Pagina:AA.VV. - Commedie del Cinquecento, Vol. II, Laterza, 1912.djvu/195


atto quarto 183


Erminio. Era stato dua mesi che da Tortona non aveva mai avut’avviso; da poi v’aveva mandato tre volte: in modo che pensava che gli avessin trovati altri riscontri, o dove la fussi, e che fussin certi questa non essere. Da poi questo che è venuto dice a bocca tutti i segni, tal che è impossibile che la non sia dessa.
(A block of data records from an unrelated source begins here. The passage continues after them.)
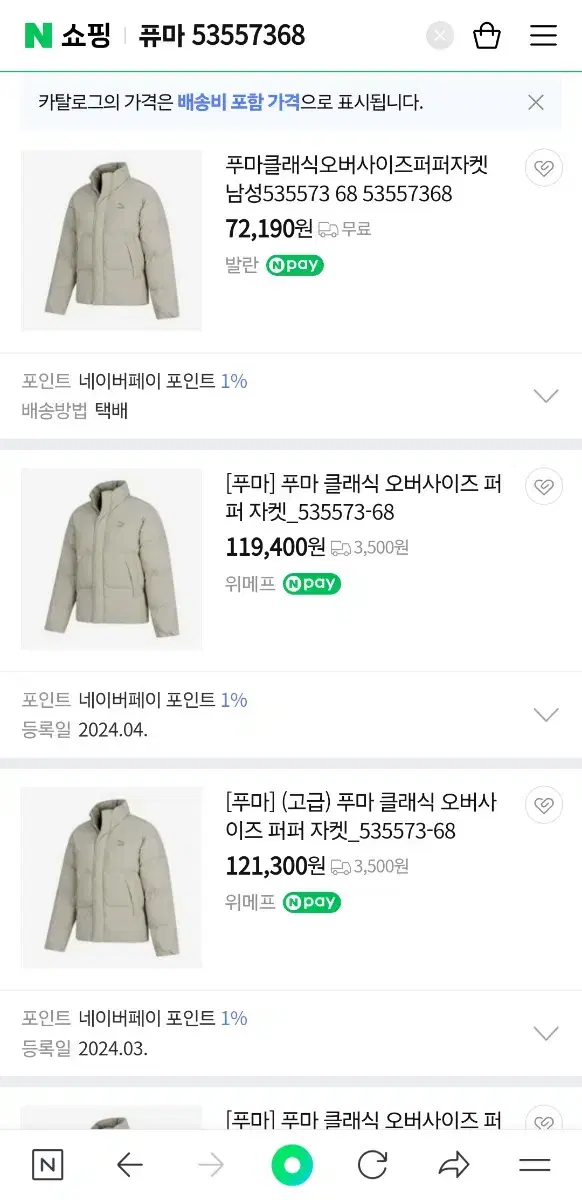 퓨마 푸마 패딩 숏 자켓 xs 95 100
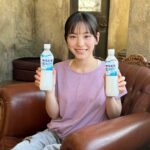 Ami Touma Instagram – カルピスウォーターの新しいCMが始まります！
どんな時でもカルピスウォーターを飲んで気分スッキリ！
わたしにピース！
放送、ぜひお楽しみに！

#アサヒ飲料
#カルピスウォーター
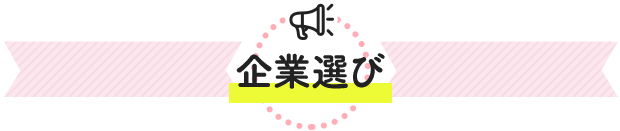 応募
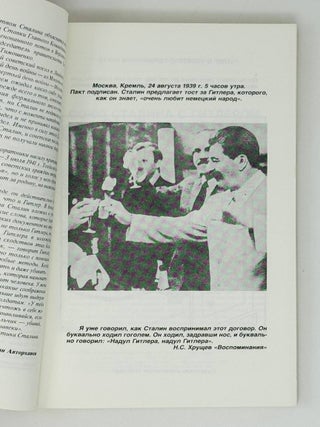 СССР - Германия. 1939. Документы и материалы о советско-германских отношениях с сентября 1939 года по июль 1941 года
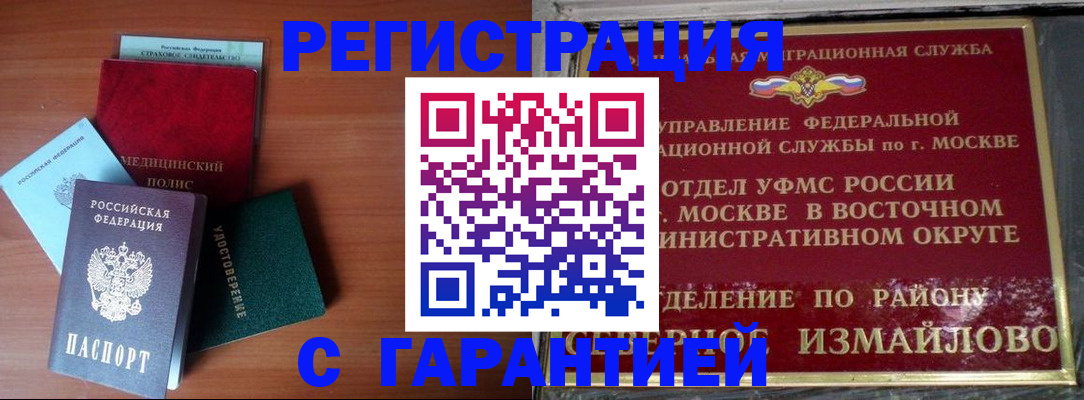 прописка для работы в Юрюзани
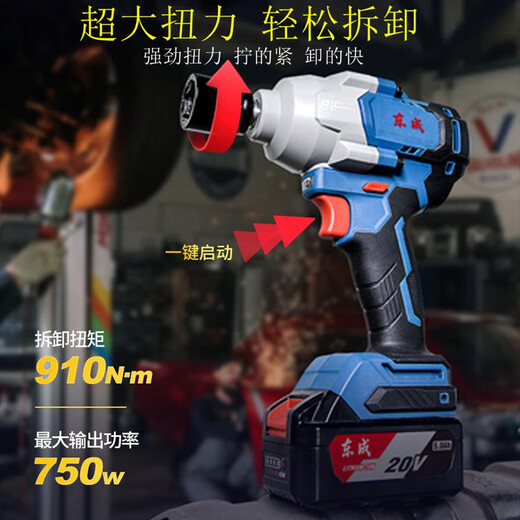 东成充电式无刷冲击扳手DCPB488大扭力大功率DCPB698汽修架子工电风炮 东成原装DCPB698两电一充4.0Ah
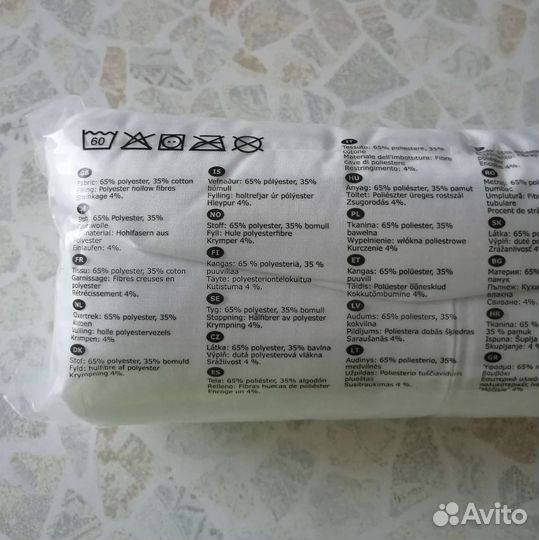 Подушка детская/подушка для детской кроватки IKEA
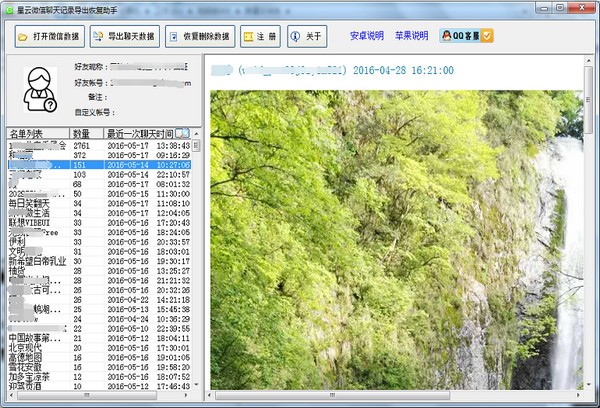 星云微信聊天记录导出恢复助手 v5.1.173官方版(1)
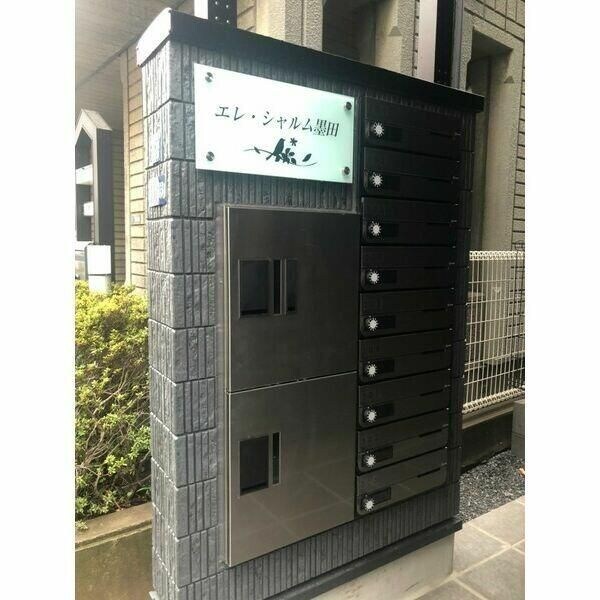 エレ・シャルム墨田の物件内観写真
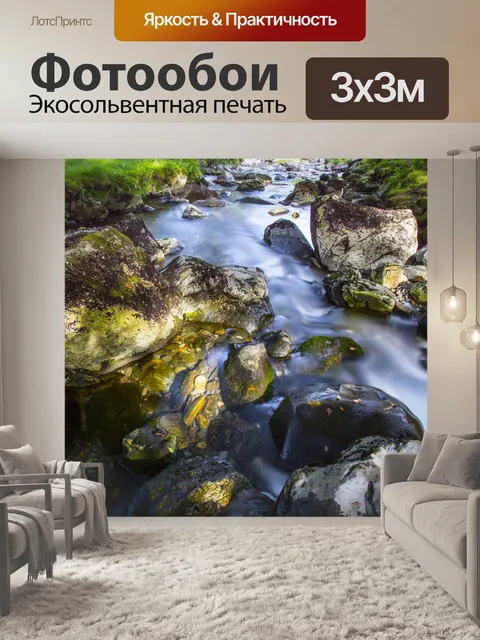 Фотообои Поток воды пейзаж
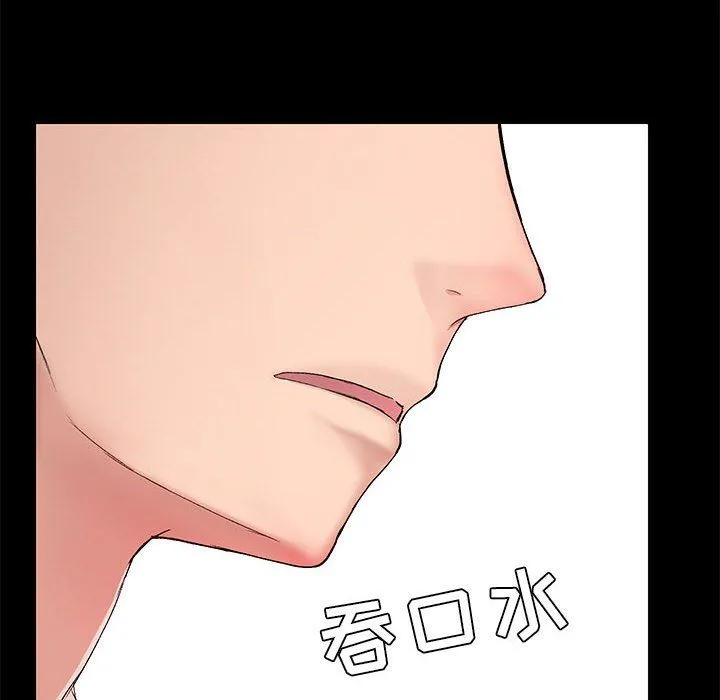 爱玩游戏的女人们 第11话 第53页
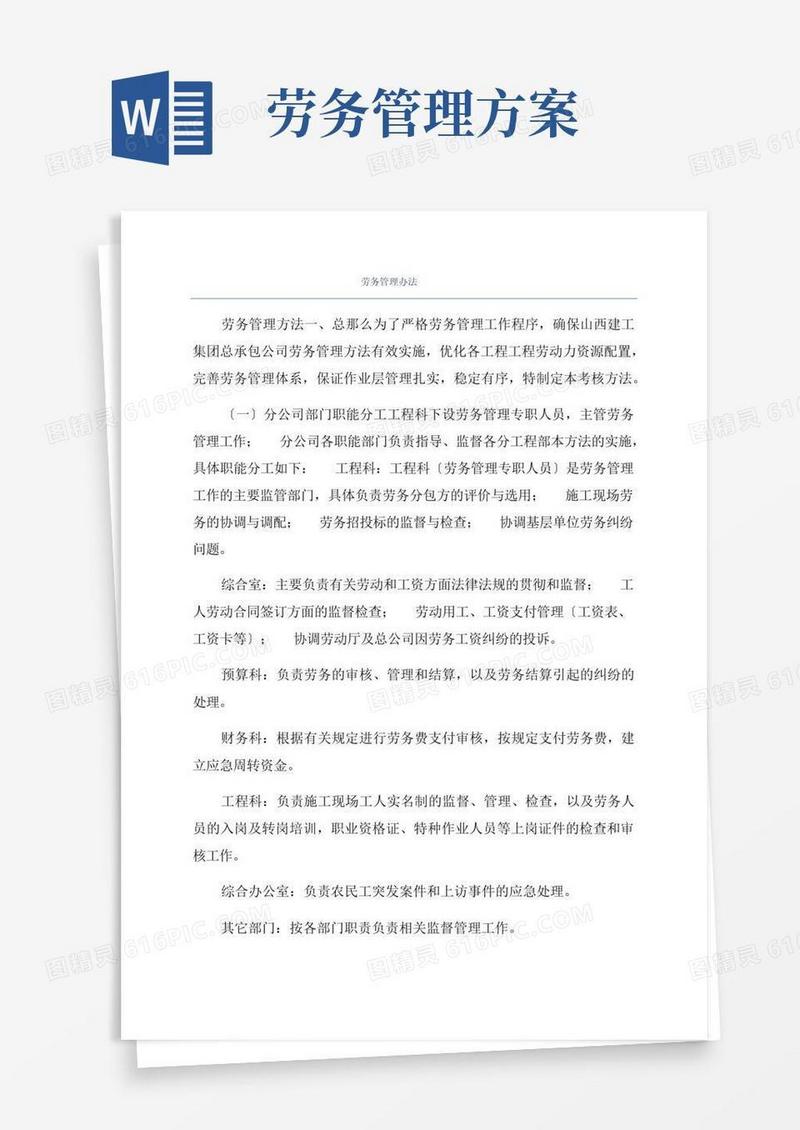 简易版劳务管理办法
Marcantonio. Ei potevon indugiar pur un di piú, acciò che suo padre avessi avute tutte le satisfazioni di riaverla com’ei la perse. Ma, pur cosi, ha egli avuto una gran sorte, se egli è vero. A me pare ei quasi impossibile, perché son casi che accascono rade volte.

Erminio. Pur può essere; e i segni ci sono.

Marcantonio. Io voglio essere in piazza, che adesso è l’ora.

Erminio. Volete voi compagnia?

Marcantonio. Resta pure alle tua commoditá e pensa di far quel ch’io ti ho detto, se tu hai caro di tenermi contento.

Erminio. Guarda che pulce m’ha messo mio padre nell’orecchio! S’io ho caro di tenerlo contento! O come non ho io a ’ngegnarmi di tenerlo contento, che sempre ha tenuto me contentissimo? Lui m’ha lassato spendere, giucare, fare all’amore; insomma, tutte quelle cose di che io ho avuto voglia. E, in quello che da me medesimo ho a me mancato, lui con molta destrezza me l’ha ricordato e fatto acciò che in nessuna parte io non mancassi di piacere. E adesso mi ricerca d’un piacere del quale non è in mia libertá el pensare di fargnene. Oh mia mala sorte! Non era assai il dolore che di lei avevo, quando io temo che ad ogni ora la non partorisca, senza agiugnerci quest’altro? L’amor e l’affetto mi lacerano e mi squartano con tanto dolore ch’io non m’immagino il maggior quello d’un traditore legato alle code di dua possenti cavalli.